Maybe this is Obama occupying Wall Street in a different way, eh? His decision to cash in certainly doesn’t represent a “challenge to the existing arrangements”; it’s an embrace of them and the “excesses of Wall Street,” which these extraordinary speaking fees epitomize. It reveals the cynical nature of Obama’s use of progressive activists in 2011-12 to demonize Romney for his wealth. It was pure political contrivance, and one reason why Democrats like Elizabeth Warren are speaking out now is because Obama has merely made it obvious.

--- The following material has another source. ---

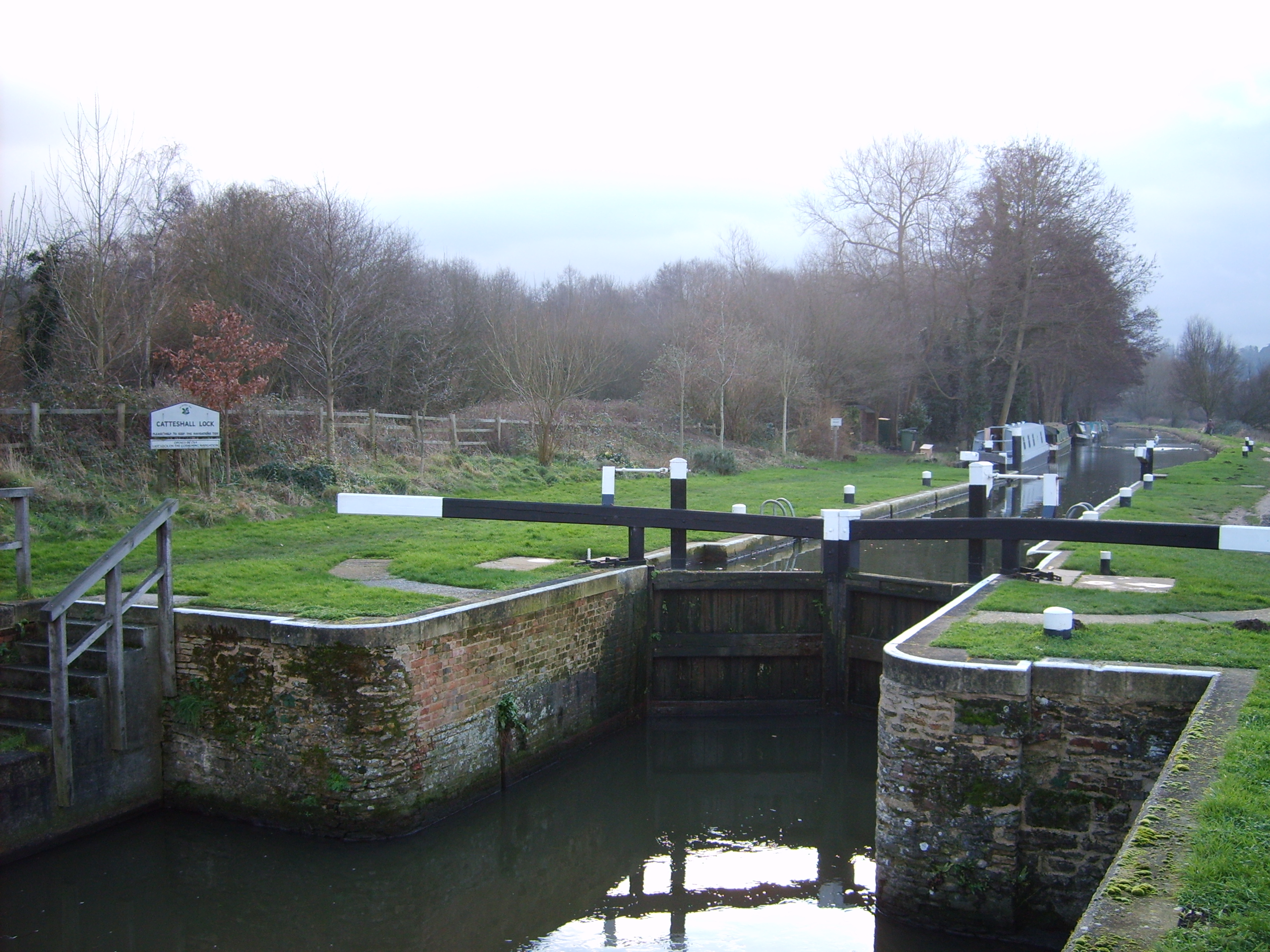 Things to do on the River Wey, Surrey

That being said, the problem here isn’t that Obama’s selling his wares on the open market for speakers. As Marcus notes, this is significantly less problematic than what the Clintons did for more than a decade while they schemed to get back into the White House. The Clinton Foundation and all of the speaking gigs were clearly an influence-peddling operation, which is why it’s going defunct after Hillary’s defeat. The Obamas do not appear to have those ambitions; Michelle Obama reiterated her complete lack of interest in going back this week. In a way, their motives are purer; they just want the cash.

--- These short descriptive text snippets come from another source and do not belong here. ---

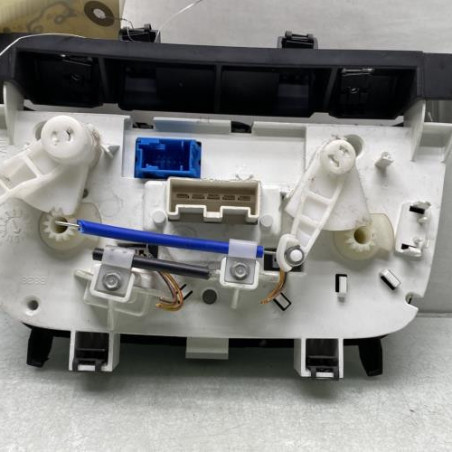 Commande chauffage FIAT PUNTO EVO 3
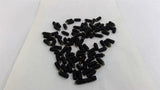Buckley/QC Fasteners 10-24x38 Alloy Steel Hex Socket Set Screw Lot Of 90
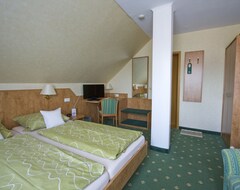 Mein Vierjahreszeiten Hotel Garni Superior (Braunlage, Germany)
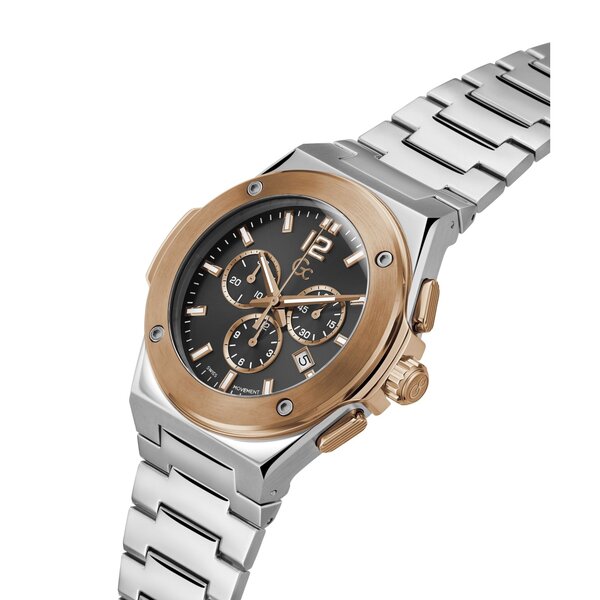 Gc Guess Collection Gc Z33002G2MF Idol watch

There two larger issues with this new cashout tradition, neither of which are particular to the Obamas. First, taxpayers still pay former presidents lots of money to fund their operations. We’ve already spent $16 million and counting on Bill Clinton, a figure that would have paid his presidential salary for forty years. That’s not to call for an end to their security arrangements, but there is no longer any need to subsidize offices, travel, libraries, etc. Their market value as speakers and writers is almost inexhaustible. Congress should end the retirement spending on former presidents, at least for the future. (Donald Trump will live in big-league luxury with or without it when the time comes. Trust me. It’ll be so tremendous, you won’t believe it.)
The second real problem is the consolidation that drives this excess from Wall Street. Investment companies that can afford to throw away $400,000 on an hour with a former president is an investment company that has gotten too big for common sense. That’s money that didn’t go to retirees, investors, and Main Street; it went to feed the egos of those who were supposed to be stewards for those people. Marcus hits on this point in part by shaming Obama for not using this opportunity to point out the nouveau riche gauchery in these spectacles, which has grown much less remarkable as it has become more ubiquitous.
However, it’s not just the gauchery, but the fact that it flaunts how much power has accumulated at the top, both financial and political. Too big to fail also means too big to oppose. If conservatives and populists could find one area of common ground, corporatism/crony capitalism should be it. It’s time to start looking at anti-trust policies more seriously, and to reduce the fiscal and political dangers of too big to fail. Small government and market consolidations have turned out to be mutually exclusive, and we will have to choose which we would rather have.